▶ _ACTIVITY_:
Please write out only the lines running from the one with "Cream, Platform, Suede, ankle" through the last line of the listing, each exactly as given.

====== DATASET EXTRACT

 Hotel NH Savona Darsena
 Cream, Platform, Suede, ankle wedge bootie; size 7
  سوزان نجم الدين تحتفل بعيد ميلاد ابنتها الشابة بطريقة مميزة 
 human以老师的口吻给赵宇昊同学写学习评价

============

▶ _ANSWER TO THIS EXERCISE_:
 Cream, Platform, Suede, ankle wedge bootie; size 7
  سوزان نجم الدين تحتفل بعيد ميلاد ابنتها الشابة بطريقة مميزة 
 human以老师的口吻给赵宇昊同学写学习评价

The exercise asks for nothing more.